Diffusion's markets did not show any signs of growth during the year and selling price pressure remained a market feature. The Company produced this profit improvement through increased sales, by maintaining Diffusion's premium branding market position and pursuing quality jobs likely to return target selling margins, combined with focused business development activities.
Group trading performance
Sales in the year ended 31 March 2013 increased by 6 per cent to £7.55 million (2012: £7.09 million). Increased sales were achieved for both fan coils and commercial heating products. Fan coils had a particularly strong year and were installed into a number of large London based developments, including the Shard Building, the Cheesegrater and 375 Kensington High Street.

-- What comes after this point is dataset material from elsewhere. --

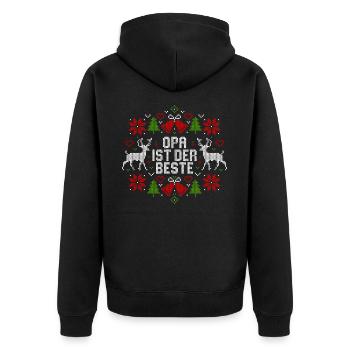 Ugly Christmas - Opa ist der Beste - Weihnachten - Unisex Premium Bio Zip Hoodie - Schwarz - Hinten - Nico (187cm)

The sales and marketing function was strengthened during the year producing extra sales to more than counteract the market led marginal softening of selling margins. The increased sales and relatively fixed cost base resulted in Diffusion's operating profit increasing by 19 per cent to £406,000. This operating profit margin of 5.4 per cent represented a high return on Diffusion's capital employed of 29 per cent.

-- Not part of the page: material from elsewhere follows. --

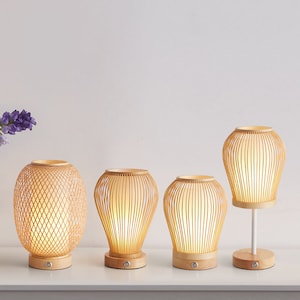 Hand Woven Bamboo Cordless Table Lamp with Rechargeable Battery image 6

Central and plc costs were £164,000 (2012: £130,000) and interest costs amounted to £42,000 (2012: £40,000). Central and plc costs include a non-cash share option charge and other non-recurring costs. Included under interest costs are notional interest charges of £16,000 (2012: £14,000) relating to the unwinding of the provision set up at 31 March 2010.
The resulting Group profit before tax on Continuing Operations increased by 16 per cent to £200,000 (2012: £173,000). The taxation charge of £39,000 (2012: 25,000) represents a non-cash write off of the deferred tax asset.
About Diffusion
With over 50 years in the heating and ventilation industry ("HVAC"), the Company's operating subsidiary Diffusion is one of the oldest and most established manufacturers of HVAC products in the UK. Diffusion is a market leader in the manufacture of premium quality fan coils and commercial heating products. Diffusion and Energy Technique are brand names recognised as highly engineered, quality products providing leading edge performance and energy efficiency.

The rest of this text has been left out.